Thread: Afraid to fail again

  1. #1
    Join Date
    Jul 2010
    Gender
    Female
    Posts
    24

    Afraid to fail again

    I have been talking to this guy over the phone for a month almost every day. We got introduced through mutual friends. He usually does most of the talking and he liked flirting with me over the phone so I decided that it is best to meet in person and so we did recently. I stayed at his house and he treated me well but he wasn't as flirtatious as he sounded over the phone and I had to do most of the physical initiation to get close to him. I was not sure why he behaved differently with me when in person even though he said he liked me. I felt he was treating me more like a friend than someone whom he feels there is a potential to be with. He also took me to his parents place which was nearby and I found it a little odd that he was playing with his phone on the dinner table while the rest of us were talking..he was unusually quiet and the family also noticed his change of behavior. While we did some things together, I felt that he was quite distant from me and he also mentioned the fact that he had several relationships in the past that made him afraid now to get too close with anyone too soon. I wasn't expecting for a kiss but at least some sign that he was as interested in me as how he spoke to me over the phone repeatedly saying that he likes me and misses me even when we only spoke to each other a few hours earlier.. what am I missing here?

  2. #2
    Join Date
    Mar 2018
    Gender
    Male
    Posts
    73
    Quote Originally Posted by purplerain2010 View Post
    I have been talking to this guy over the phone for a month almost every day.
    That is never good. The phone is for making dates. Talk, make the date, get off the phone.

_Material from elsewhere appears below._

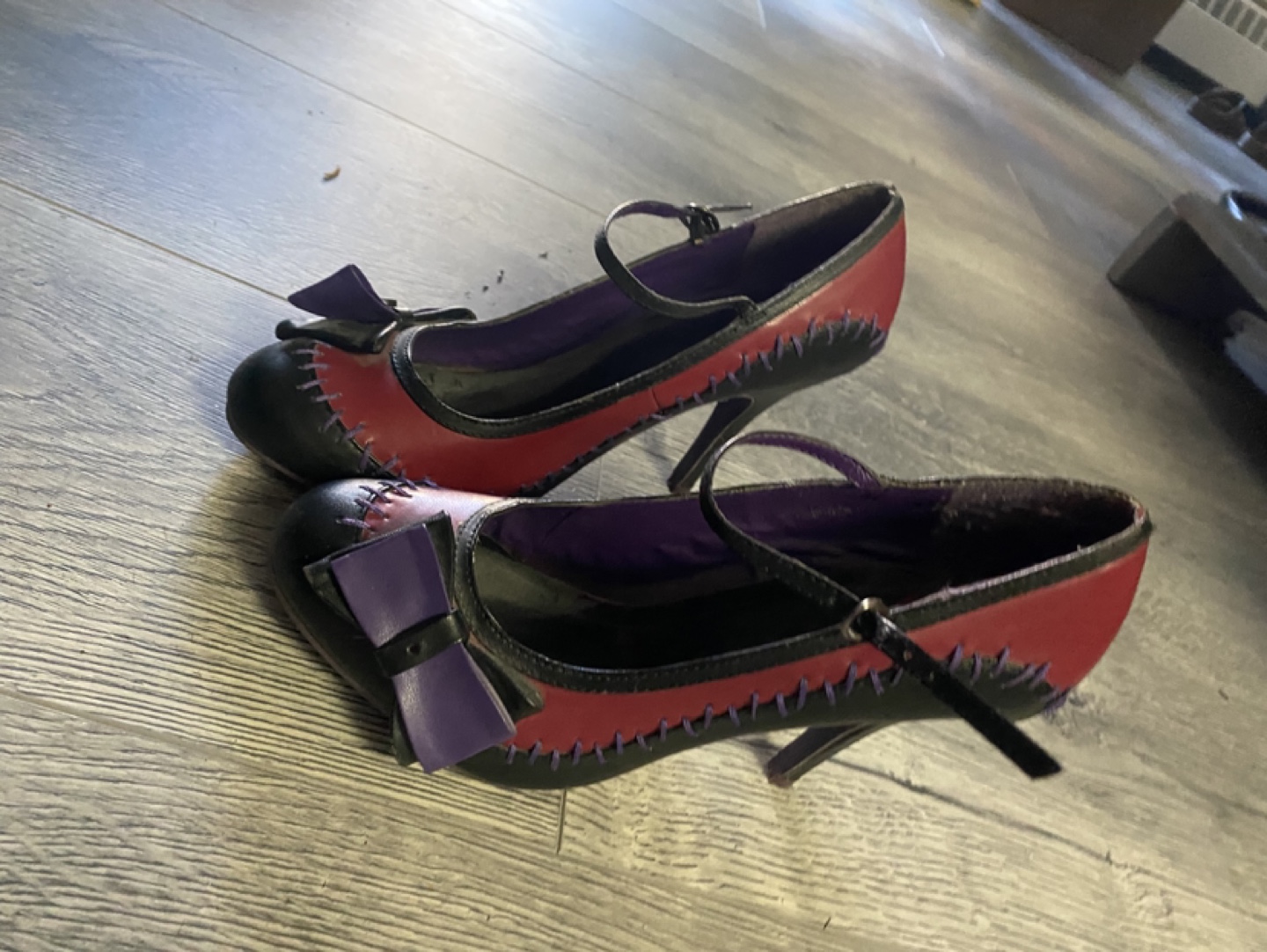 Black and Red High Heel Shoes with Purple Bows - photo 2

    Quote Originally Posted by purplerain2010 View Post
    He usually does most of the talking and he liked flirting with me over the phone so I decided that it is best to meet in person and so we did recently. I stayed at his house and he treated me well but he wasn't as flirtatious as he sounded over the phone and I had to do most of the physical initiation to get close to him.
    It is easy when hiding behind a phone. But "in person" is scary. He has low confidence. That is why he chit-chatted on the phone everyday for a month but never asked you out. He didn't have the confidence to get the job done,...he was waiting for you to do it for him,...which eventually you did. But that is not your job.

    Quote Originally Posted by purplerain2010 View Post
    I found it a little odd that he was playing with his phone on the dinner table while the rest of us were talking..he was unusually quiet and the family also noticed his change of behavior. While we did some things together, I felt that he was quite distant from me and...
    Again, no confidence, scared to death,...hiding behind the phone.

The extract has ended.